オズワルドだけじゃなくて、ルイーズにも手紙を遺していた。……普通の夫婦なら、当然かもしれない。でも、以前の僕とルイーズの間には、夫婦らしいことは何一つなかったとルイーズも言っていた。
キッパード氏は二通の封緘された封書を僕の前に置き、遺言状を広げる。
「遺言で、残すべき遺産はそれほどはありません。現金と有価証券、あとは蔵書と絵画等の美術品が数点。それから貴金属と宝飾類……」
公妾の息子とはいえ、国王に認知されていないから、たいした財産はない。……だからこその、ルイーズとの結婚だった。現金と有価証券は母のカーター夫人に、蔵書と絵画はオズワルドに、貴金属類はルイーズに遺す……というよりは処分を依頼するのに近いかもしれない。
僕は遺言状の日付を確認する。三年前の十一月。――つまり、これはアンが生まれる前だ。
オズワルドは自分宛ての封書を手に取り、その場でペーパー・ナイフを借りて封を切った。
そこに書かれていたことは――
親愛なるオズワルド
君がこの手紙を受け取るときには、僕はもうこの世にいないはずだ。そのように、取り計らっている。

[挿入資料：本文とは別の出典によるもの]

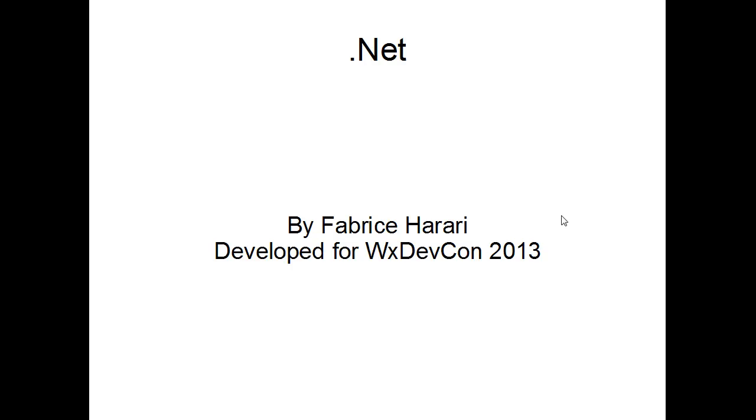Hi, I'm Fabrice Sarari. Welcome to my .NET course developed for WEX DEF CON 2013. In this course we're going to try to see how we can use the power of .NET inside our WinDev, WebDev and WinDev Mobile project and how that can open to us lots and lots of functionalities.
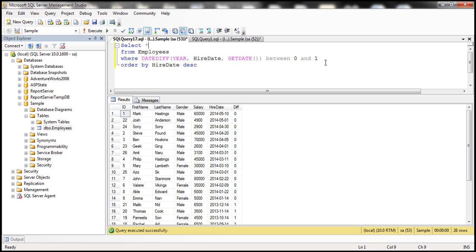So here you can put any number that you want, and that's going to give you the employees who are hired until that year. So it's that simple.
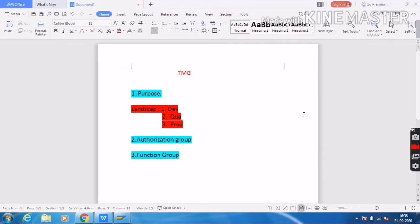In this video I will explain how to create the TMG, or Table Maintenance Generator. When creating a Table Maintenance Generator, we should know about three things: the first one is the purpose, the second one is the authorization group, and the third one is the function group. This is very important when you are entering any interview panel and they ask what is the TMG and what is the use of it.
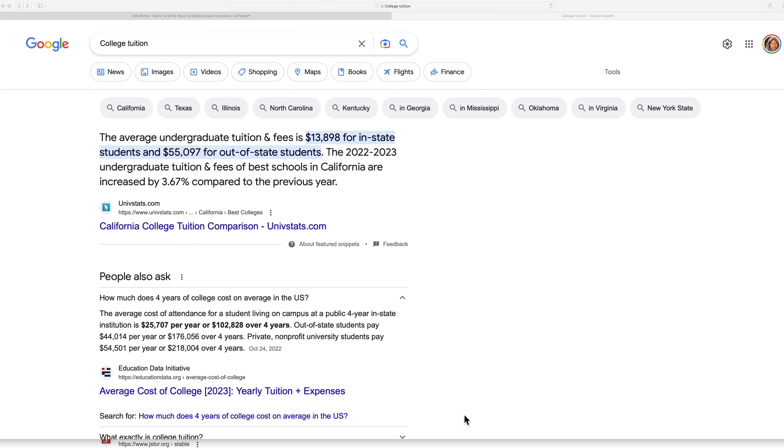So just do some research before you commit to loans of that amount. There are scholarships, there are grants, there's a lot of help out there for you. But even if you get help, it's still expensive and it's still burdensome. So you got to be very, very careful.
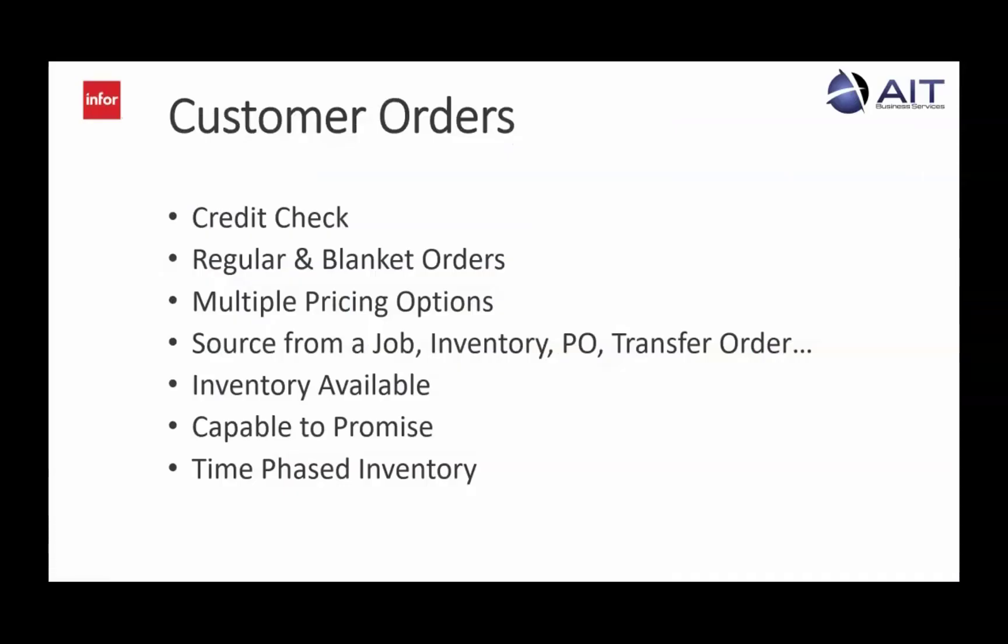The CSI customer order functionality is built to support your pricing and promise date needs, whether they are simple, complex, or somewhere in between. Thank you for watching.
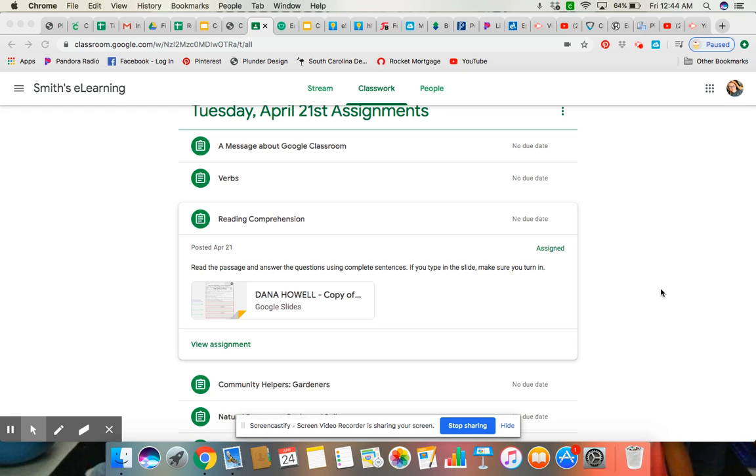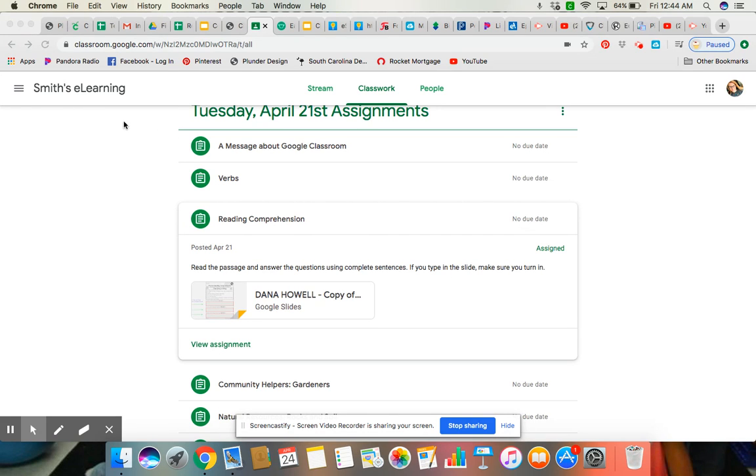Hey guys, Miss Howell here. I'm going to walk you through step by step how you complete and turn in something in Google Classroom. Alright, so here I am in the classroom and I'm just under a random date because I'm just going to show you how to turn something in.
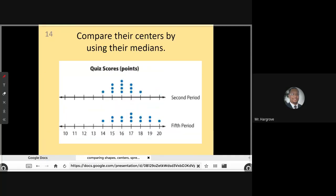Using the same concept for the quiz scores for second period and fifth period — since both data sets are symmetrical, the median is clearly seen. We have a median of 16 for second period and a median of 17 for fifth period. Fifth period has a median that is one point higher than second period, and that's a simple comparison using the median.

僕は人生に絶望したので、戦争に行くことにした。これまで、国にも世の中にもまったく役に立てず、むしろ生まれてこなかった方がよかったような人間だから、せめて戦争で少しでも国に貢献できれば、そしてあっさり死ねることを願っている。
この手紙を母上でなく、君に遺すのは、母上に遺せば国王陛下の目にも触れてしまうから。国王陛下は僕を愛してくださったけれど、それはけして、我が国のためにはならないことで――
いや、それついてはこれ以上触れるまい。君は僕とアルバートの確執についてはうすうす気づいていたと思う。すべては僕のこの外見と、国王陛下の愛情のせいで、僕にもアルバートにもどうにもならないことだった。でも、僕がこの世にいることで、アルバートの心がこれ以上乱されるのならば、僕は国のためにも遠いところに行くのが一番いいのだ。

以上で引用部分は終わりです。